But yeah, I am sure that every manufacturer has design defects causing BGA chips to pop off the board because the phone doesn't have sufficient support of the circuitboard.
Despite your snarky response, the bending issue with the iPhone 6 is not a manufacturing defect. If, as you say, they made the phone "too thin with no support", that would be a design defect. And the fact that the "bendgate" meme came and went so fast tells me that it was almost assuredly a "fake news story".
I have looked into the "electrical" cause of the issue, and it can be, and is, caused by repeated drops to a hard surface, which breaks the solder ball connections on large BGA packages.

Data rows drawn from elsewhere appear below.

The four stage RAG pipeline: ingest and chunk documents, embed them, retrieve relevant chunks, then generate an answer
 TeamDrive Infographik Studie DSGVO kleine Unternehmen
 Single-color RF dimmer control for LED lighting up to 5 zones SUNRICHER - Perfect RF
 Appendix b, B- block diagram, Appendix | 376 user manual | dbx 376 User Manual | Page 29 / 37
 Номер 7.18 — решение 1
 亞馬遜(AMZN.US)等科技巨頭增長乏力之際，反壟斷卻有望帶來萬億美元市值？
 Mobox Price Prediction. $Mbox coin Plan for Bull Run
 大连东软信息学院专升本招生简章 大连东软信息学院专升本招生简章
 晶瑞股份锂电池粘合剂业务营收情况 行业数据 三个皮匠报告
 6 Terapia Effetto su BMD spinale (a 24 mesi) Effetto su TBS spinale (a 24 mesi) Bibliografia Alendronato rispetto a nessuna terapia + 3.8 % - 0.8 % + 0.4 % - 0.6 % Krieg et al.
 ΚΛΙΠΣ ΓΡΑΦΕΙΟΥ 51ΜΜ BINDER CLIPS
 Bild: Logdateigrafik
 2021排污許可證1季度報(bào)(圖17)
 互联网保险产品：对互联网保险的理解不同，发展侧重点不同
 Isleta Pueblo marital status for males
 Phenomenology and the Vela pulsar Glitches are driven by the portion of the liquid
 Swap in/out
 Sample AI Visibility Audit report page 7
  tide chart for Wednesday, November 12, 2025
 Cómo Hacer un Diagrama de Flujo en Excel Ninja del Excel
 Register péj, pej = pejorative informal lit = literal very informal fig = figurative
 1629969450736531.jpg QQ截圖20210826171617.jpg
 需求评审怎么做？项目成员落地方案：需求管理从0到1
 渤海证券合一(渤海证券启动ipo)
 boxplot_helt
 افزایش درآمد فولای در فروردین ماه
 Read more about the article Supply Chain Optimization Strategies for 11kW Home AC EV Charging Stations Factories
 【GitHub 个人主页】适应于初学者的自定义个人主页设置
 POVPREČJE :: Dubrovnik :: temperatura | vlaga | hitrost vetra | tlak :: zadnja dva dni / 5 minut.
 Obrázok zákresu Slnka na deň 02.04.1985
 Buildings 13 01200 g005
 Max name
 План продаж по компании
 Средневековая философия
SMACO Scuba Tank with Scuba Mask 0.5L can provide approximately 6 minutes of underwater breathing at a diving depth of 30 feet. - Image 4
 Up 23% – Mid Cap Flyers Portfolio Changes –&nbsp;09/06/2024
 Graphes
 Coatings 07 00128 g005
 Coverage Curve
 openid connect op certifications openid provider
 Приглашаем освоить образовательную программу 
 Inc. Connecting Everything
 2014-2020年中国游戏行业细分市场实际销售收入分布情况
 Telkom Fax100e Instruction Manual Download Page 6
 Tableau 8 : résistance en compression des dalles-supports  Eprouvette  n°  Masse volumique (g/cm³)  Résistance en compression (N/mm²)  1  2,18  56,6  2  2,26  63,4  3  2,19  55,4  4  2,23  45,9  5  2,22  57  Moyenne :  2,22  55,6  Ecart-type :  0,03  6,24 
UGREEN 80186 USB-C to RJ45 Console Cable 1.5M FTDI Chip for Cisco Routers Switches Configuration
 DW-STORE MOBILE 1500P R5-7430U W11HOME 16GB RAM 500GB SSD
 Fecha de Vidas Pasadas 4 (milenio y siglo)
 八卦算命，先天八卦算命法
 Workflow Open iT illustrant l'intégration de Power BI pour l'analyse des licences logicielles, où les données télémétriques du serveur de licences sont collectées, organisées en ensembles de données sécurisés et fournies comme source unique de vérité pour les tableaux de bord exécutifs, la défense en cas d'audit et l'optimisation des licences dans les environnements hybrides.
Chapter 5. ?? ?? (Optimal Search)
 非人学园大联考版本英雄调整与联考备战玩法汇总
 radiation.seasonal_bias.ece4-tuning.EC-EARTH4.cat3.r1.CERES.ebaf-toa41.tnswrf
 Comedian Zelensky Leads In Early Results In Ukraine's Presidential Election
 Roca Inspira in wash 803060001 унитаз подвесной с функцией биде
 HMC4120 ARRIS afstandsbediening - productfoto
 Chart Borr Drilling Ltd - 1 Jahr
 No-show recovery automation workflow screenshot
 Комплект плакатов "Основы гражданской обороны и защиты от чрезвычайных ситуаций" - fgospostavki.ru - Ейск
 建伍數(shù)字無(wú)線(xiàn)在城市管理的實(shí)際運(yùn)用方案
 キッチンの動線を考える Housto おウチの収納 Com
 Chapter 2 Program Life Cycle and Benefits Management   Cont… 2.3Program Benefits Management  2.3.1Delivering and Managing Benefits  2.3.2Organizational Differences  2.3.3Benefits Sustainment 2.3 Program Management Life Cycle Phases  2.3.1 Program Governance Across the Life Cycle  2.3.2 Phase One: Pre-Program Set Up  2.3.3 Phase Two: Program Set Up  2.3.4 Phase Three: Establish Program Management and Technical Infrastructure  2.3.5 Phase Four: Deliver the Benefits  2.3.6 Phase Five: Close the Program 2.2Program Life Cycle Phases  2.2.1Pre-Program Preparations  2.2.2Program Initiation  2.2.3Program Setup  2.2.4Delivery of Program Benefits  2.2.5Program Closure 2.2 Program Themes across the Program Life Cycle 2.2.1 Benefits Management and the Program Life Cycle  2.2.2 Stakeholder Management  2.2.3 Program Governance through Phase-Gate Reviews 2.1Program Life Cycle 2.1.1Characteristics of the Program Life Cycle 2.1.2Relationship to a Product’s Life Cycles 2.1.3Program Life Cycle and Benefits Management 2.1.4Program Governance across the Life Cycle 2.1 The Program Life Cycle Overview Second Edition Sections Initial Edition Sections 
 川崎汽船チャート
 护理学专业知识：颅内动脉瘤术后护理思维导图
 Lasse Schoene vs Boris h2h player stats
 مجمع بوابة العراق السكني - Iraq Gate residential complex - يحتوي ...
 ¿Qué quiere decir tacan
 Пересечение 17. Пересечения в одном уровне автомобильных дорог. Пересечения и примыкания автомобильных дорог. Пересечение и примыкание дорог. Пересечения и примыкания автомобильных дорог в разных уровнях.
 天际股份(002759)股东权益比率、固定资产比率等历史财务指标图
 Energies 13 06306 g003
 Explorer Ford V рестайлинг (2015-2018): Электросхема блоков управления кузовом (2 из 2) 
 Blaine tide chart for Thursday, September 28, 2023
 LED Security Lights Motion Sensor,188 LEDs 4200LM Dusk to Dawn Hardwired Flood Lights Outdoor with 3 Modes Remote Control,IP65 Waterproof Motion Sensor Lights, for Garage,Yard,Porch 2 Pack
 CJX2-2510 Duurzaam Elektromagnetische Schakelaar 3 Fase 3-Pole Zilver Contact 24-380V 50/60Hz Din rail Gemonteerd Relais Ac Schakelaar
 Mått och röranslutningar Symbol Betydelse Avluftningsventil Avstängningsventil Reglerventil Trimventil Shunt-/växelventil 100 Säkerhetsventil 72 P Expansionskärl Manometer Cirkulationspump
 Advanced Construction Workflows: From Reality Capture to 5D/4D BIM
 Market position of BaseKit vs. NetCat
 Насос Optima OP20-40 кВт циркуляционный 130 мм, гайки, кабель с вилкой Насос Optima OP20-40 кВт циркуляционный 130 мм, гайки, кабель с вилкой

And yes, Apple (like many others) have had occasional problems with BGA packages in the past, caused by bad solder-balls, warped chip packages, warped PCBs, and all other manner of "co-planarity" issues. If you looked at the insides of pretty much any smartphone, you would not try to pin (no pun) the problem on "insufficient support of the circuitboard". There simply isn't enough free-air-space in a typical smartphone for a board to flex much at all. Not saying it can't happen; but I'd put that particular cause on the "less-probable" end of the spectrum.
Oh, and yes, nearly every OEM at one time or another has had issues with BGAs. Several years ago, NVidia had a couple of YEAR'S worth of BGA problems with their GPUs and Video Cards, that affected nearly every product they were a part of. But don't believe me, do your own damned research.
Sorry. Apple is just held to a higher standard, and so when their stuff breaks, people tend to bitch. Loudly. Then the Haters pick it up, and the Meme begins...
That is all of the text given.